Diyarbakır Kent Müzesi, kentin köklü geçmişini yaşatmak için “Kültürel Hafıza Söyleşileri”ne ev sahipliği yapıyor. Kasım ayı boyunca devam edecek etkinliklerin ilkinde eğitimci ve yazar Filiz Parlak, “Diyarbakır Mutfağı” konulu sunumuyla şehrin zengin lezzet kültürünü anlattı.

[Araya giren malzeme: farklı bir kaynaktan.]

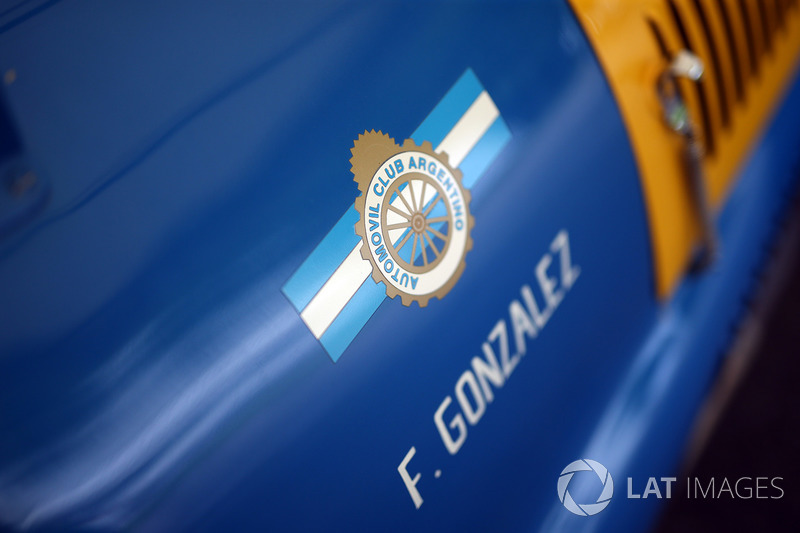 Former Jose Froilan Gonzalez Ferrari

“Meftune – Diyarbakır Mutfağı” adlı kitabını tanıtan Parlak, Diyarbakır’ın mutfak mirasını yalnızca bir tat hafızası olarak değil, aynı zamanda Ermenice, Zazaca, Kürtçe ve Diyarbakır şivesiyle anlatılan çok kültürlü bir bellek olarak tanımladı.
Diyarbakır’ın Karacadağ ile Hevsel Bahçeleri arasında binlerce yıllık bir gastronomi coğrafyasına sahip olduğunu belirten Parlak, kentin kuru tarım, hayvancılık ve bağcılık üçgeninde şekillendiğini vurguladı. Karacadağ pirinci, Meftune yemeği ve güneşte kurutulan sebzelerin bu mirasın en özgün örnekleri arasında yer aldığını söyledi.
Diyarbakır’ın tarih boyunca Ermeni, Yahudi, Arap ve Türkmen topluluklarına ev sahipliği yaptığını hatırlatan Parlak, bu halkların mutfak kültürlerinin düğün, taziye ve bayram sofralarında birleştiğini ifade etti. “Bu sofralar, Diyarbakır’ın bir arada yaşama kültürünün en güçlü sembollerinden biridir” dedi.
Kültür ve Sosyal İşler Daire Başkanlığı tarafından düzenlenen söyleşiler, 8 Kasım’da akademisyen M. Alişan Budak’ın “19. ve 20. Yüzyılda Diyarbekir Kentli Müzik Kültürü” konulu sunumuyla devam edecek.